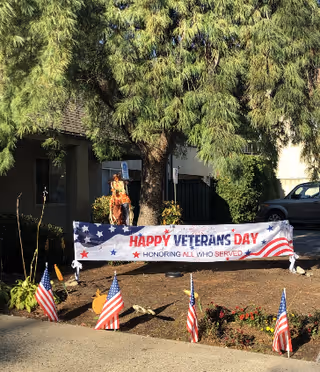 Outdoor scene at Medford Rehabilitation & Nursing Center featuring a large tree with a carved wooden soldier statue beneath it. In front of the statue is a banner that reads 'Happy Veterans Day Honoring All Who Served' decorated with stars and an American flag design. Small American flags are planted in the ground along the sidewalk near the banner.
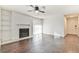 Spacious living room with a fireplace, built-in shelving, dark wood-look floors, and sliding glass door at 808 Riverview Se Dr, Marietta, GA 30067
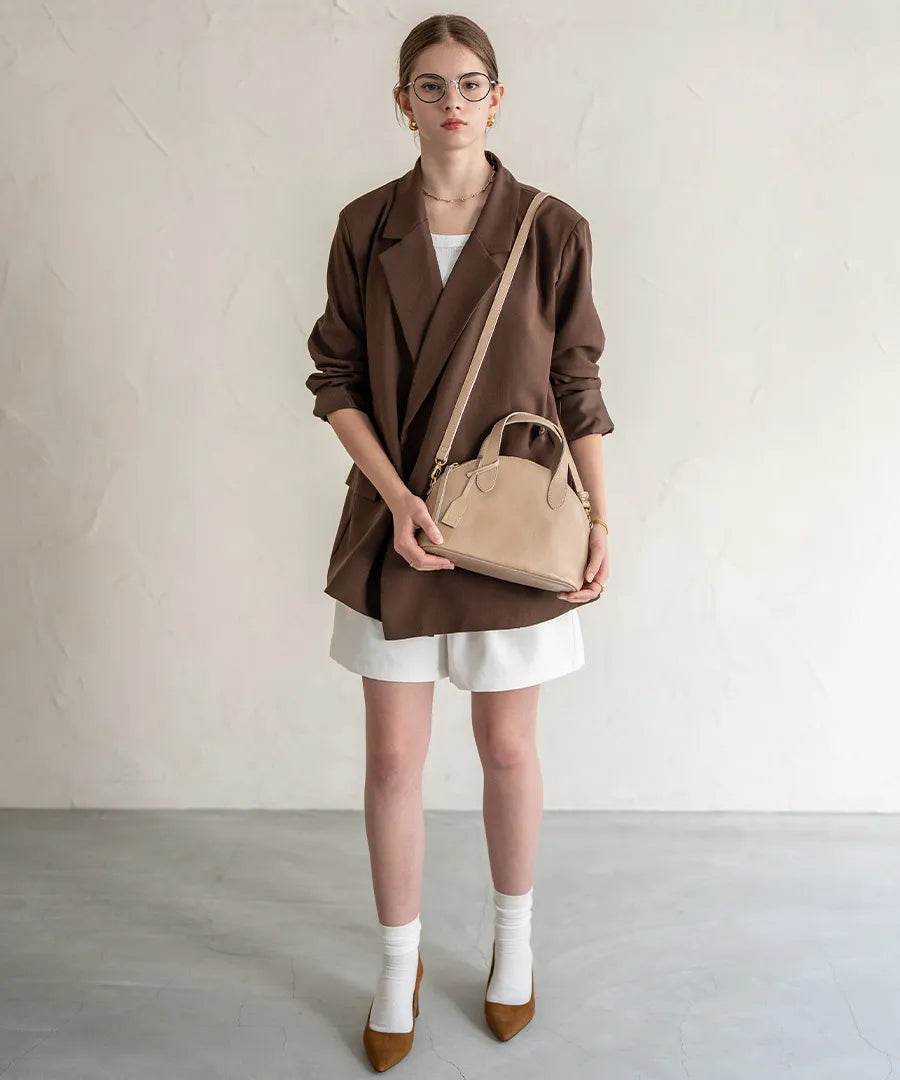 A female model is carrying a shoulder bag "Ervi" over her shoulder. Color: Sand greige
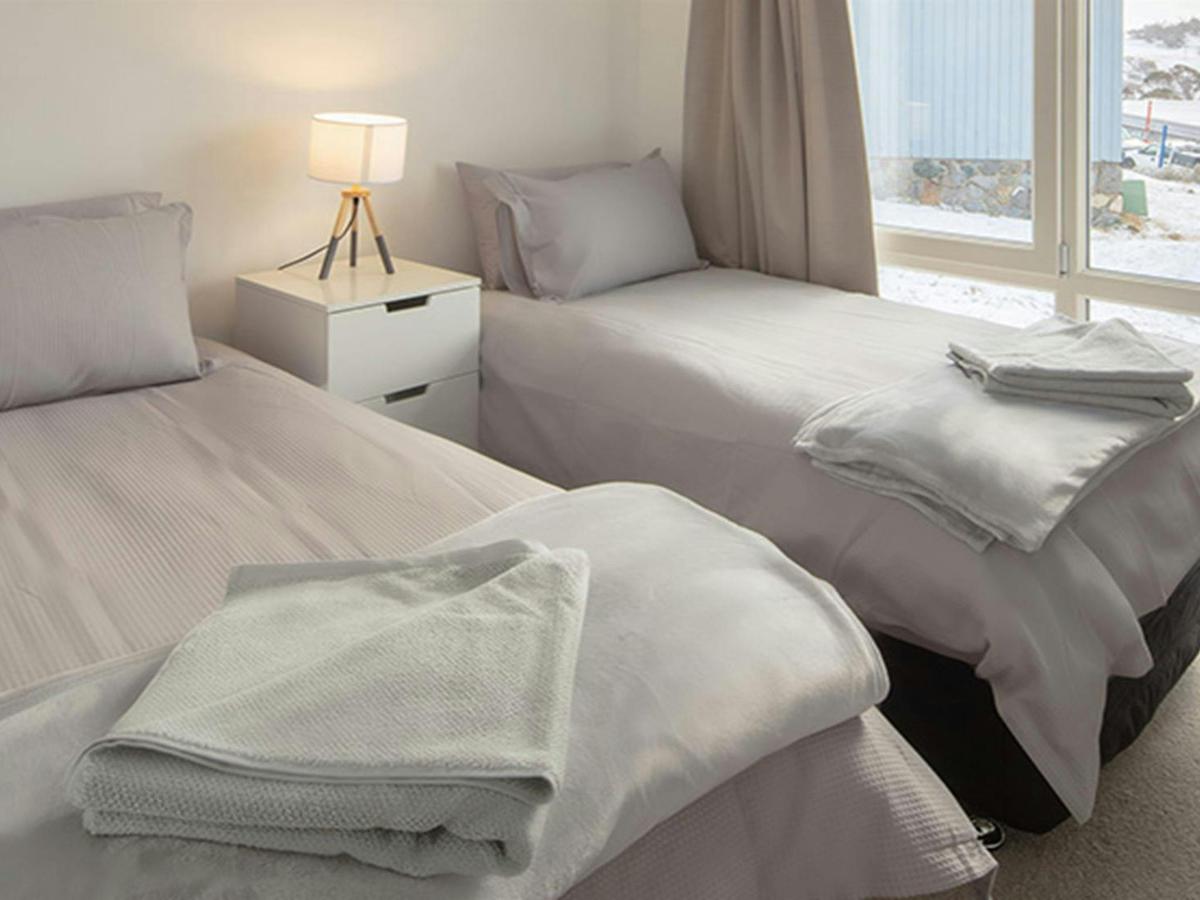 Twin beds in room at Numbananga Lodge, Kosciuszko National Park. Photo: Murray Vanderveer/OEH
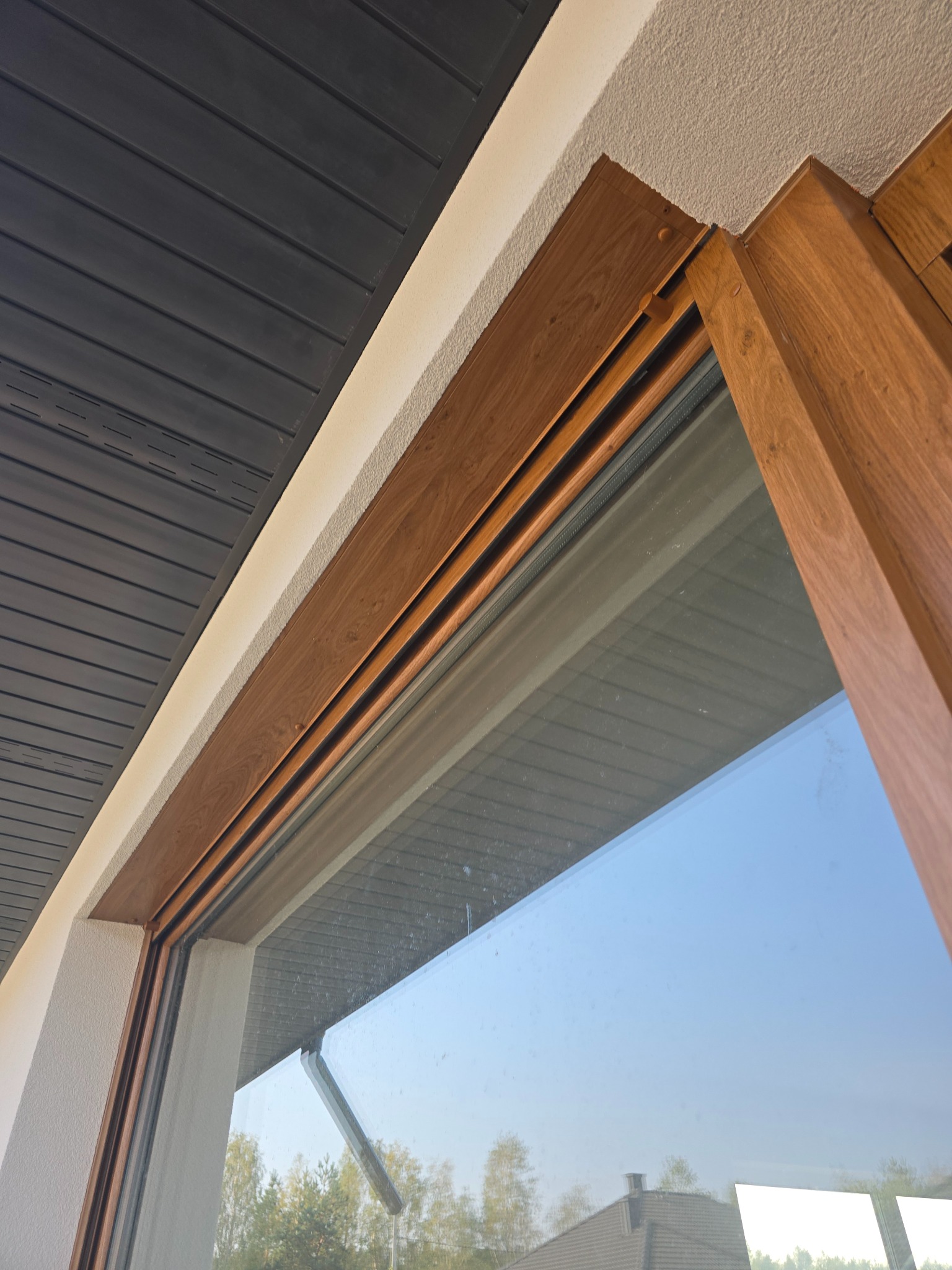 Fragment elewacji z oknem o drewnopodobnej ramie, widoczny fragment ocieplenia i podbitki dachowej. Nowoczesne wykończenie.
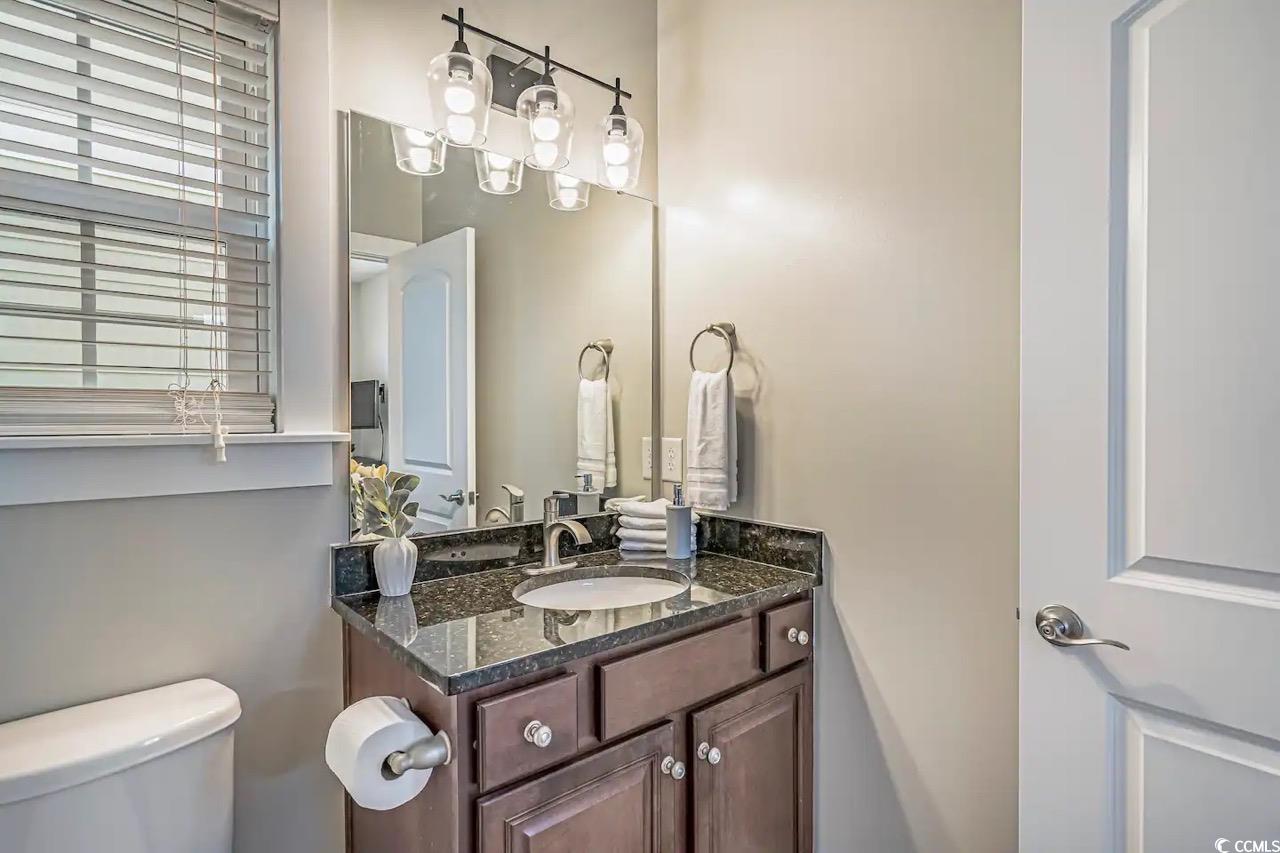 2701 Kashton Street Myrtle Beach, SC 29577 - Photo 16 of 23 Half bathroom with toilet and vanity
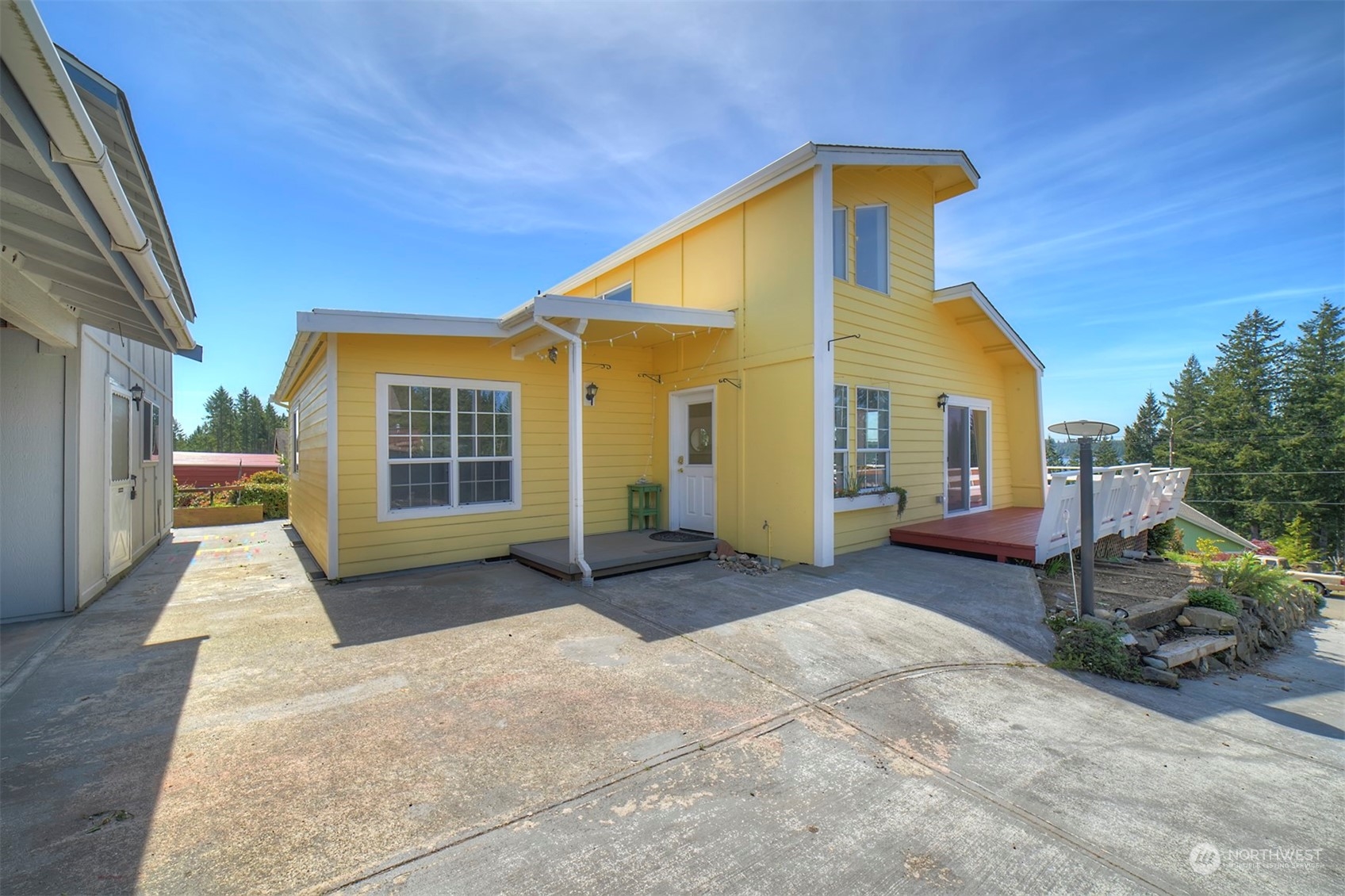 220 East Olympic Drive Grapeview, WA 98546 - Photo 3 of 40 a view of a house with backyard and porch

◆ ◆ ◆

Pictures stay out; retype only the lines from the line containing "Spacious living room" through the end of the listing, inclusive, exactly as they appear.

 Spacious living room with a fireplace, built-in shelving, dark wood-look floors, and sliding glass door at 808 Riverview Se Dr, Marietta, GA 30067
 A female model is carrying a shoulder bag "Ervi" over her shoulder. Color: Sand greige
 Twin beds in room at Numbananga Lodge, Kosciuszko National Park. Photo: Murray Vanderveer/OEH
 Fragment elewacji z oknem o drewnopodobnej ramie, widoczny fragment ocieplenia i podbitki dachowej. Nowoczesne wykończenie.
 2701 Kashton Street Myrtle Beach, SC 29577 - Photo 16 of 23 Half bathroom with toilet and vanity
 220 East Olympic Drive Grapeview, WA 98546 - Photo 3 of 40 a view of a house with backyard and porch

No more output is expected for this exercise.